Smith was awarded his first Oscar for his lead performance in the movie "King Richard," where he played Venus and Serena Williams' father, Richard.
His speech, however, wasn't as celebratory as he might have envisioned because he spent much of his time explaining why he slapped Rock.
Midway through his speech, Smith revealed that Denzel Washington, himself an Academy Award-winning actor, warned him about the devil's attacks. "Denzel said to me a few minutes ago, at your highest moment, be careful, that's when the devil comes for you," Smith recalled.
During an intermission that followed the slap, Tyler Perry and Washington were seen comforting and giving advice to Smith.
Although he didn't apologize to Rock during his speech, Smith apologized to the Academy and his fellow nominees.
"Love makes you do crazy things," Smith said during his acceptance speech. The father of three compared himself to Richard Williams and how William fiercely defended his family.
"Richard Williams was a fierce defender of his family. In this time in my life, in this moment, I am overwhelmed by what God is calling on me to do and be in this world," Smith said with tears streaming down his face.
"I'm being called on in my life to love people and to protect people. And to be a river to my people. And I know to do what we do, you've got to be able to take abuse, and you've got be able to have people talk crazy about you. In this business, you've got to be able to have people disrespecting you and you've got to smile and pretend like that's OK," he continued.
In a previous interview with author, producer and preacher DeVon Franklin, Smith was asked if he is a "man of faith" like his character, Williams.
"You can't get where I get if you don't love the Lord. You don't get to sit how I sit, move how I move, if you don't love the Lord," Smith replied. "You'd be seeing a whole lot of other repercussions."
The actor said he connects with the faith of the Williams family because of his grandmother, who attended Resurrection Baptist Church in Philadelphia.
Much like his advice to Smith, Washington has been using his public platform to share the prominence of spiritual warfare in everyday life.
Washington, who described himself as "a God-fearing man" in an earlier interview with The New York Times, talked about God, the Bible and Heaven.

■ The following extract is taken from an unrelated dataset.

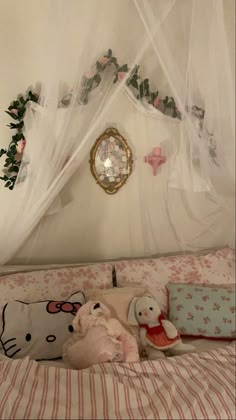 two stuffed animals sitting on top of a bed in a room with white walls and curtains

He also revealed that he made a promise to his late mother to "honor her and God."
"This is spiritual warfare. So, I'm not looking at it from an earthly perspective. If you don't have a spiritual anchor you'll be easily blown by the wind and you'll be led to depression," he told the NY Times.

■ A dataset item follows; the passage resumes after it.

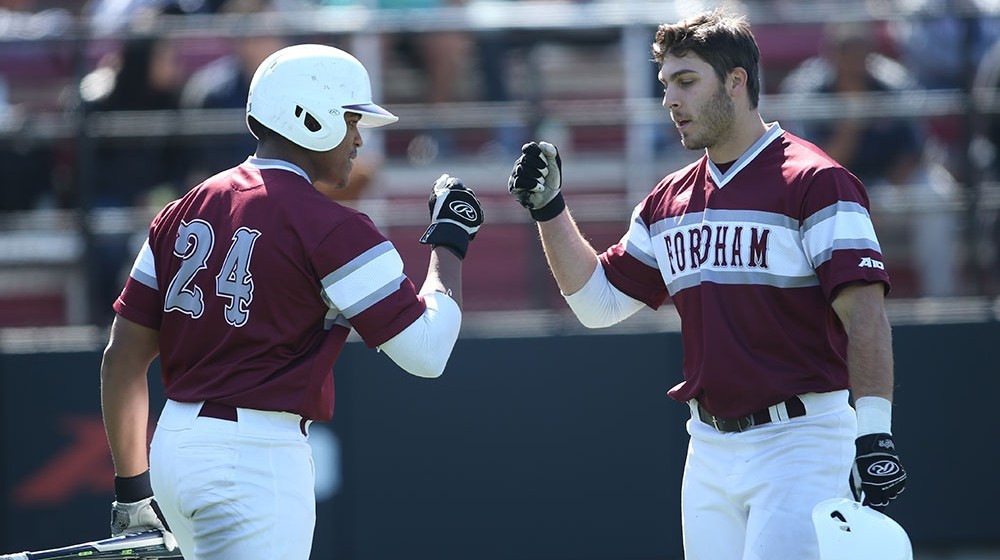Teammates fist bumping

"We're living in a time where people are willing to do anything to get followed. What is the long or short-term effect of too much information? It's going fast and it can be manipulated obviously in a myriad of ways. And people are led like sheep to slaughter," Washington said.
The entertainer then shared his view of Heaven, explaining that "there are going to be two lines, the long line and the short line, and I'm interested in being in the short line."